### Exercise instructions
Everything from the line containing "415 Colonist Place" through the final line of the entries must be repeated exactly, and only that, without pictures.

### Records supplied
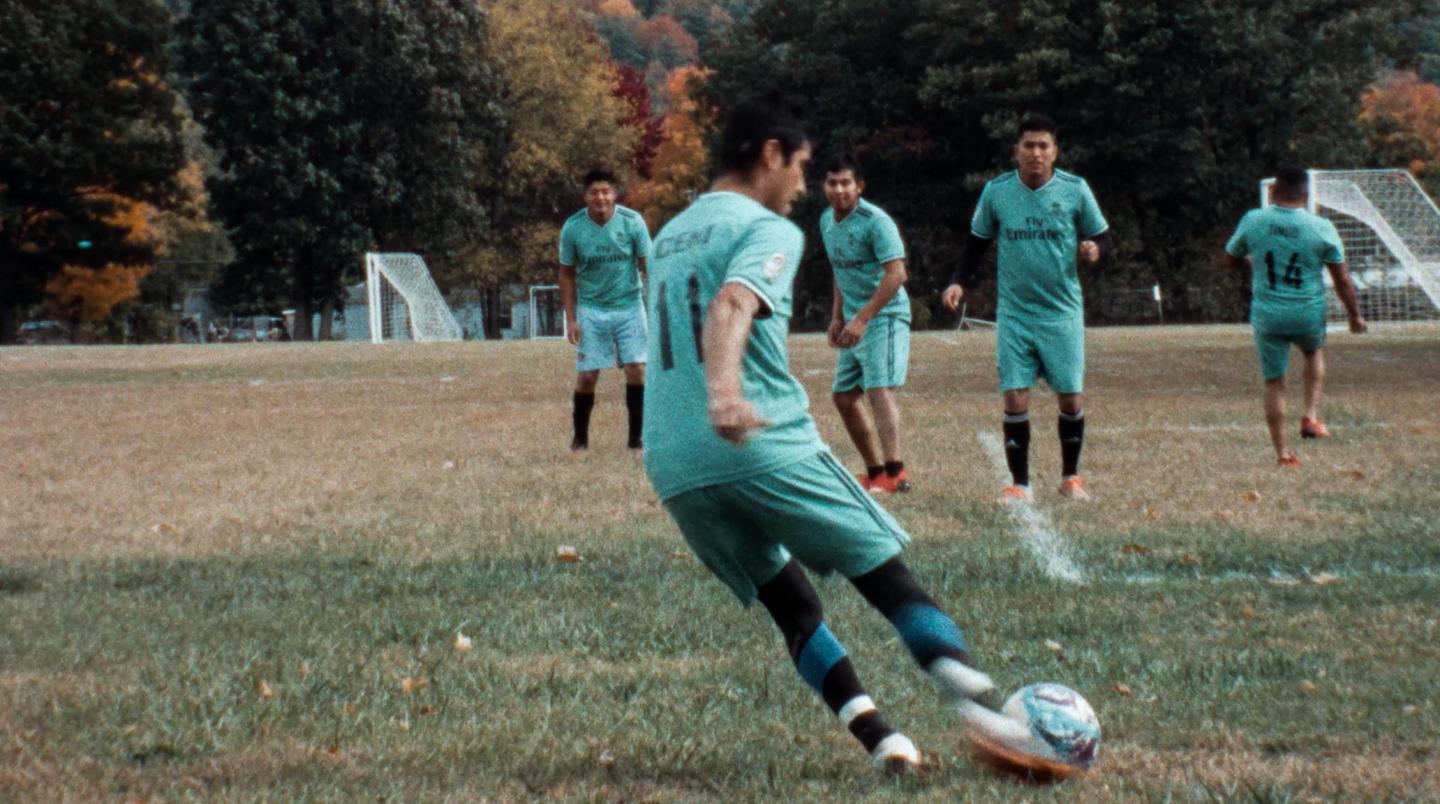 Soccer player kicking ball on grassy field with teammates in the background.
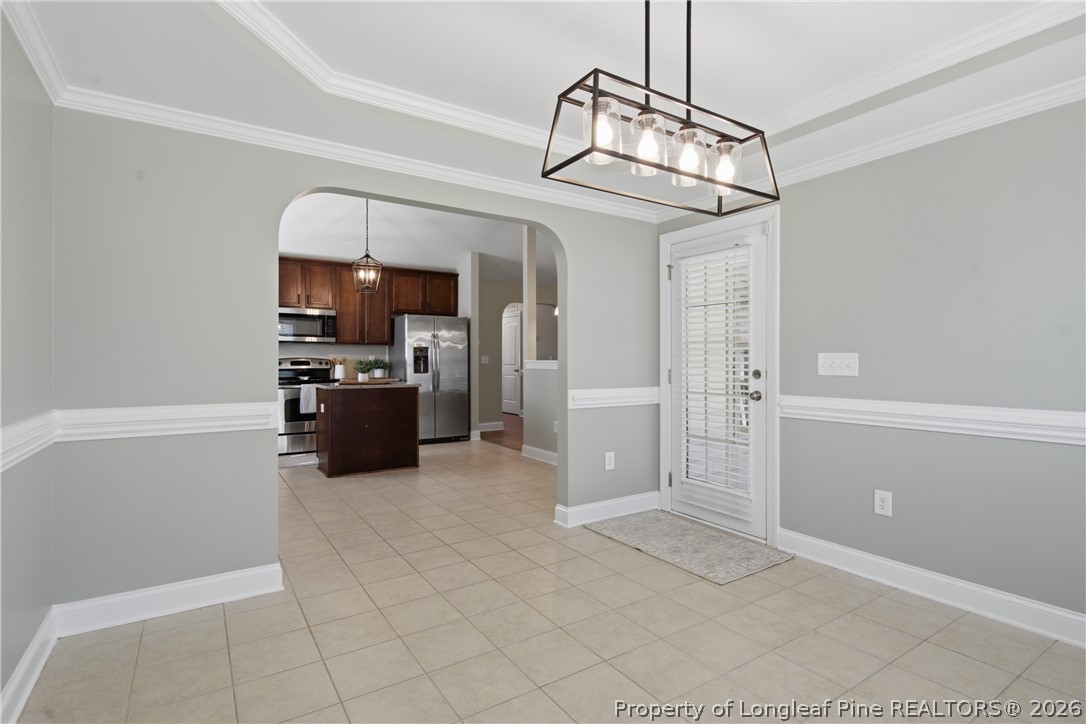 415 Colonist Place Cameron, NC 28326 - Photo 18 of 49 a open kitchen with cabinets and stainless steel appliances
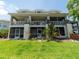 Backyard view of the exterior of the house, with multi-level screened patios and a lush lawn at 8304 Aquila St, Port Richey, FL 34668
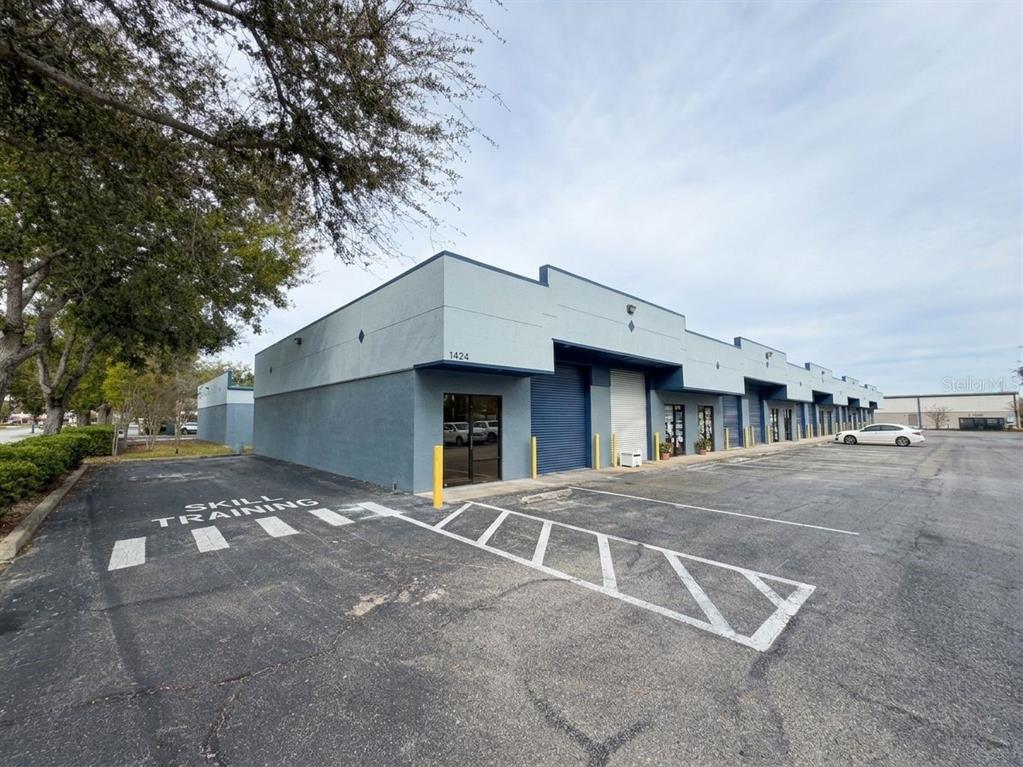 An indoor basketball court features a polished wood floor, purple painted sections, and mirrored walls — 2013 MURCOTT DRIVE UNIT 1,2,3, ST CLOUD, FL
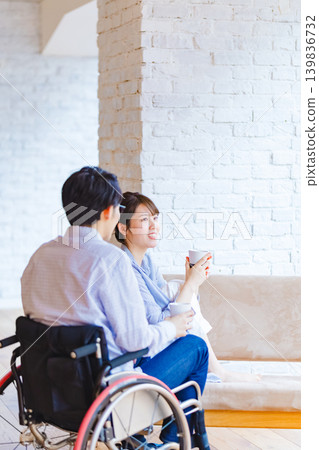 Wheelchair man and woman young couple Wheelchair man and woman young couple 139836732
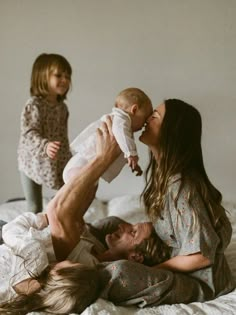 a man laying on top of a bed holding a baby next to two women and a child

### Completed exercise
 415 Colonist Place Cameron, NC 28326 - Photo 18 of 49 a open kitchen with cabinets and stainless steel appliances
 Backyard view of the exterior of the house, with multi-level screened patios and a lush lawn at 8304 Aquila St, Port Richey, FL 34668
 An indoor basketball court features a polished wood floor, purple painted sections, and mirrored walls — 2013 MURCOTT DRIVE UNIT 1,2,3, ST CLOUD, FL
 Wheelchair man and woman young couple Wheelchair man and woman young couple 139836732
 a man laying on top of a bed holding a baby next to two women and a child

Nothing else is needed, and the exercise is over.